PHILADELPHIA – (October 12, 2017) More than 300 chronically homeless people in Philadelphia are now off the streets, out of shelters and into permanent supportive housing. Philadelphia’s Office of Homeless Services (OHS) announced today that the city permanently housed a record 339 chronically homeless individuals during the 12-month period ending August 2017 successfully transitioning nearly one person a day. A chronically homeless person is someone with a disabling condition who has been homeless for a year or more or at multiple times over several years.

The city placed some individuals directly from the street and transitioned others who were already in the homeless services system from shelters, safe havens and residential drug treatment programs. Most – 272 – were initially brought into the system after being engaged by homeless outreach workers at SEPTA’s underground Center City Concourse, Two Penn Center and in Kensington.

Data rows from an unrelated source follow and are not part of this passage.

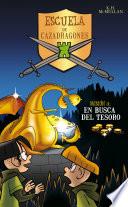 Libro En busca del tesoro (Escuela de Cazadragones 3)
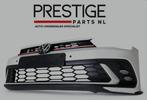 Voorbumper VW Polo 2G Facelift GTI 6xPDC Bumper bj.2022-2026, Gebruikt, -, Voor, Ophalen of Verzenden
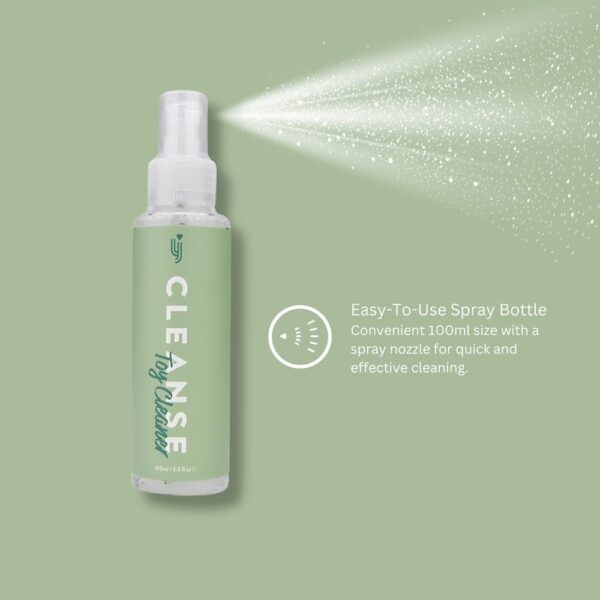 Loving Joy Cleanse Sex Toy Cleaner 100ml - image number 4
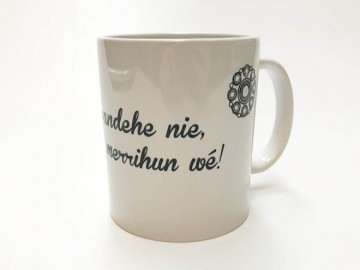 Mok Lukt ut vandehe nie, dan lukt ut merrihun wé!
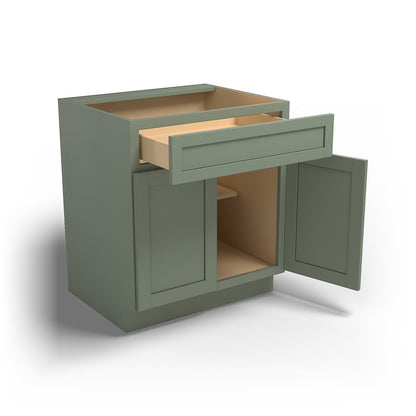 Special Order - 30" Base Cabinet Forest Green - B30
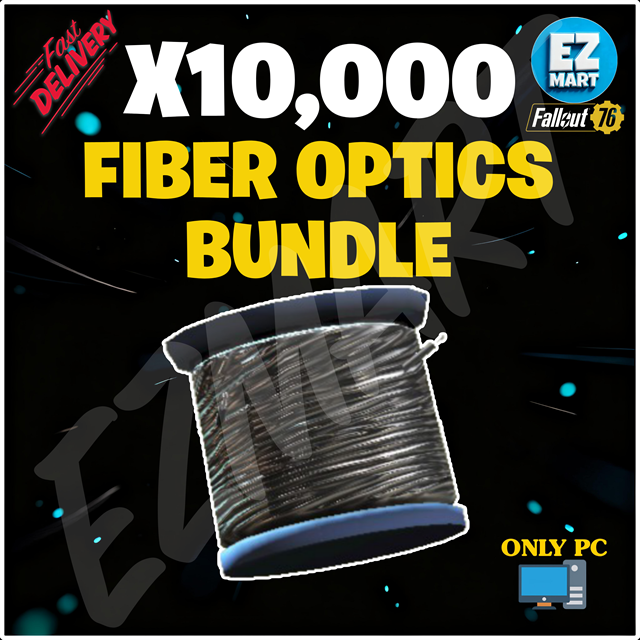10,000 | Fiber Optics Bundle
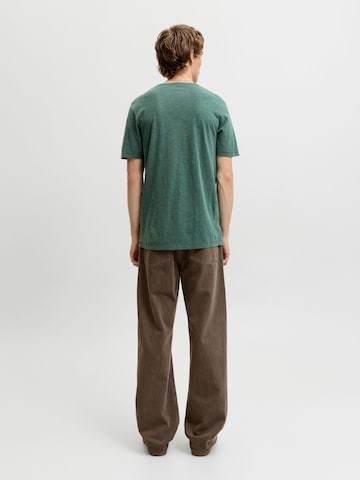 JACK & JONES Regular Fit Bluser & t-shirts 'JJESplit' i grøn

The bulk of the remaining 67 people had been engaged outside the Pennsylvania Convention Center, in Aviator Park/Logan Square, along the Benjamin Franklin Parkway and in Rittenhouse Square while a small group came from 30th Street Station, Society Hill’s Head House Square and South Philadelphia’s Pennsport neighborhood. This geographical breakdown is generally proportional to where most people experiencing street homelessness are living in Philadelphia.

Homeless Services Director Liz Hersh said the accomplishment stems from the 100-day street homelessness challenge her office launched in June 2016 in partnership with more than a dozen of the city’s homeless provider agencies. “The idea was to bring all the different pieces together and collectively jumpstart ambitious yet actionable solutions to homelessness within a period of 100 days,” Hersh said. “We accomplished that and after reaching the 100-day mark, we continued the work, breaking down barriers and implementing what we came up with.”

Starting with the 100-day challenge, providers and city officials broke out into teams. The “chronic homelessness” team created one by-name list of Philadelphians experiencing chronic homelessness and established a single point of contact for each, enabling the team to identify and address their unique circumstances individually. “It’s incredibly labor-intensive,” Hersh said. “By the time someone is chronically homeless, the pain and trauma in their life are so great that it takes a herculean effort to bring them in.”

She said a “cornerstone” of the effort is the longstanding partnership between OHS and the city’s Department of Behavioral Health and Intellectual disAbility Services (DBHIDS) because “without addiction, mental health, trauma and other critical behavioral health services, the model of permanent supportive housing simply does not work.”

Permanent supportive housing is a long-tem rent subsidy provided through OHS combined with behavioral health services provided by DBHIDS to help chronically homeless individuals maintain stable housing and achieve other positive outcomes, such as improved health and reduced use of the city’s crisis services, including costly emergency room visits, psychiatric admissions and stays in a homeless shelter. The model has been shown repeatedly to cost Philadelphia taxpayers less money than street homelessness and it has an average success rate of 90 percent in preventing a return to homelessness in Philadelphia.

The city has an inventory of about 6,000 units of permanent supportive housing and the Philadelphia Housing Authority has provided an additional 3,500 units over the past nine years. While the housing program is intended to provide permanent residency as its name suggests, there are instances where individuals voluntarily transition out of supportive housing as their circumstances change.

Along with OHS and DBHIDS, members of the “chronically homeless” team from the 100-day street homelessness challenge include the following homeless provider agencies: Bethesda Project, Broad Street Ministry, Horizon House, Mental Health Partnership, Mission First Housing, One Day At A Time, Pathways to Housing PA, Project HOME and Prevention Point Philadelphia.